Julian Farino with Steve in front of the poster for the pilot Steve shot and Julian directed.
Fierberg's background is classic: he started doing still photography and segued to 8mm movies when he was still in high school. A special Stanford University/Oxford University program in British film and drama in England cemented his love of cinema. After graduation, he headed for New York City where he got his first break working as a janitor on a commercial sound stage whose owner, Nick Smith, became his first mentor, teaching him film crafts, and loaning him lights and the stage to make his own projects. In New York, he also made a pilgrimage to Andy Warhol's Factory, and ended up shooting two features for Warhol protege Paul Morrissey: Forty Deuce and Spike of Bensonhurst.
A gig as an electrician on the classic Roger Corman film Rock n' Roll High School led Fierberg to split his time between East and West where, as a Corman accolyte, he met cinematographer Dean Cundey, A.S.C., his next mentor. Cundey taught him how to light with both hard light and soft, the 'West Coast' way. The Corman connection eventually gave Fierberg the freedom to stretch his wings as a cinematographer. "As long as you had a certain amount of violence and nudity, you could do anything you wanted," recalls Fierberg about working for Corman. "As long as you delivered this movie with those elements, on time, you were free, and that was a lovely, wonderful thing."

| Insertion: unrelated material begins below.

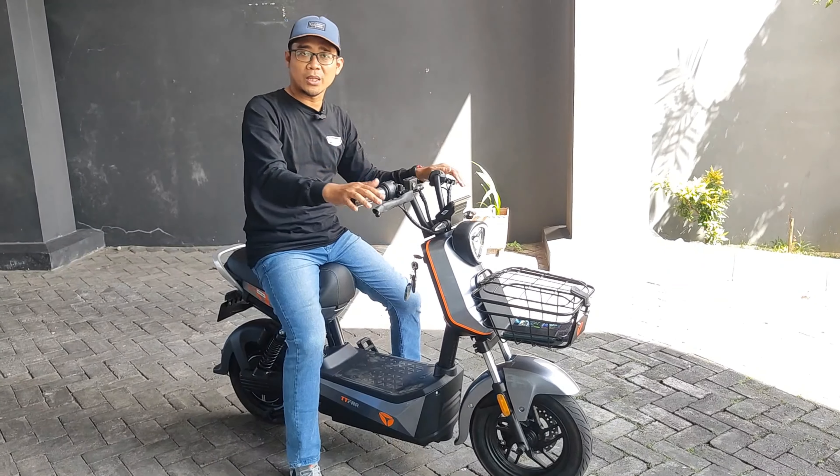Jadi untuk teman-teman yang ingin sepeda listrik, tidak usah pusing memikirkan apakah shocknya keras, tarikannya bikin kaget, atau ketika membonceng anak lalu digas bikin kaget. Di Yadea XBull ini tidak sama sekali — gasnya juga lumayan smooth, tidak begitu lembut. Dan didukung dengan cakram depan yang cukup pakem.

Michael D. Schultz in the foreground.
I was lucky being in New York at the time I was there, because they were making a lot of indie films, and I developed that sensitivity. At the same time, I spent a lot of time doing electric in Los Angeles and all my income came from L.A. projects. In L.A., they really knew how to light correctly, with big lights, and how to do things efficiently. In NY, at that time there was almost an anti-light aesthetic and no money to get lights anyway. It was the opposite of L.A. and it was a big help to learn from both worlds.
The turning point came when I shot
Tonight's the Night, a 1987 movie of the week for Bobby Roth in Los Angeles. Very quickly after that, I started shooting a lot in L.A. and then it became ridiculous to live in New York. At one point I'd shot five indie features in NYC for almost no money.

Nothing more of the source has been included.